Of course, the devil whispers in our ears that this statement is not true – that God’s Son will not lead us to eternal life, because eternal life does not exist! But we must realise that the devil has always been a liar through and through. So we as Christians must hold onto our core beliefs, and live our lives with love and love and honesty and gratefulness… Speaking of which, let me end by thanking Veronica and Dave for their ministries, and thanking all of you, alongside all the people in the parishes and dioceses in which I have served.
I have – we all have – so much for which to thank our God – as I do!
There were two retired priests (and Honorary Canons) in our congregation this day who were celebrating anniversaries of ordination at Michaelmas. Veronica read out a potted history of each of their careers (having consulted Crockford’s Clerical Directory).
Canon Roy Arnold: After Lampeter Theological College Roy undertook two curacies (as was usual in those days) over a period of about seven years. his first curacy was at St Luke, Brislington in Bristol diocese. His second curacy was back in this diocese at the parish of St Mary Without the Walls, Chester. Then he served his first incumbency as Vicar of Brinnington with Portwood 1971-1975, followed by seven years as Vicar of St Paul, Sale. After that followed a short period as rector of Dodleston, before then moving away from Chester diocese across the Pennines to take up the post of Vicar of St Oswald, Sheffield, when he also had the demanding role of Diocesan Communications Officer, which latter role continued when he moved from that parish to take up another post, additionally working as Chaplain with the Deaf. In 1995 he was made an Honorary Canon of Sheffield Cathedral. He finally “retired” as they moved back to Bollington in 1997, helping cover two vacancies and also becoming a great friend and support to the present Vicar for the past twelve and a half years.
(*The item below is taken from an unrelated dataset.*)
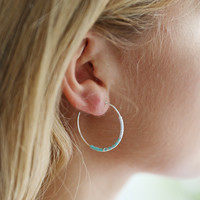 Seed Bead Hoop Earrings in Silver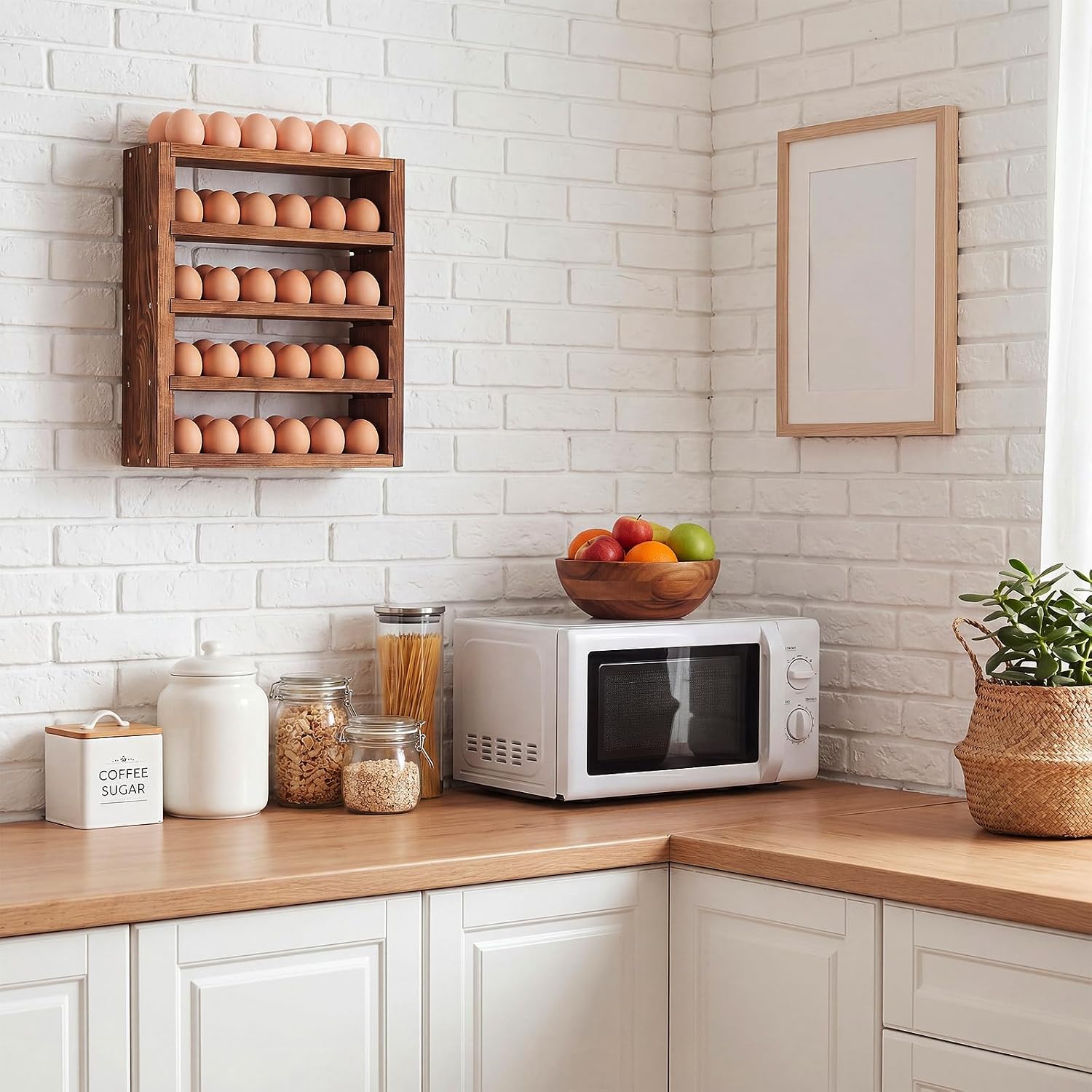 Remerry 60 Egg Holder Countertop and Wall Mounted, 5 Tier Wooden Fresh Egg Storage Rack for Gathering Backyard Chicken Eggs Rustic Farmhouse Kitchen Decoration Organizer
Canon Phil Lambert was ordained deacon in 1978, then priested in 1979. He also served two curacies, first at Holy Trinity, Upper Tooting in Southwark diocese, then at the parish of Whorlton in Newcastle diocese. Then he served successive incumbency posts in several clusters of parishes in Newcastle diocese before moving to the diocese of Bath and Wells as Rector of another group of parishes and becoming Rural Dean there. He then moved to Salisbury diocese as Team Rector of Dorchester and also Rural Dean there too, before becoming Canon Residentiary of Truro Cathedral. Finally he moved to the diocese of Europe where he served as an Assistant Chaplain living in Crete. We are pleased that he too has recently come to live here in retirement and has the Bishop’s Permission to Officiate.
Albeit the timings of both Roy’s and Phil’s early retirements were not necessarily what they had planned, we are nevertheless privileged to share in their continuing journeys and wish them every blessing.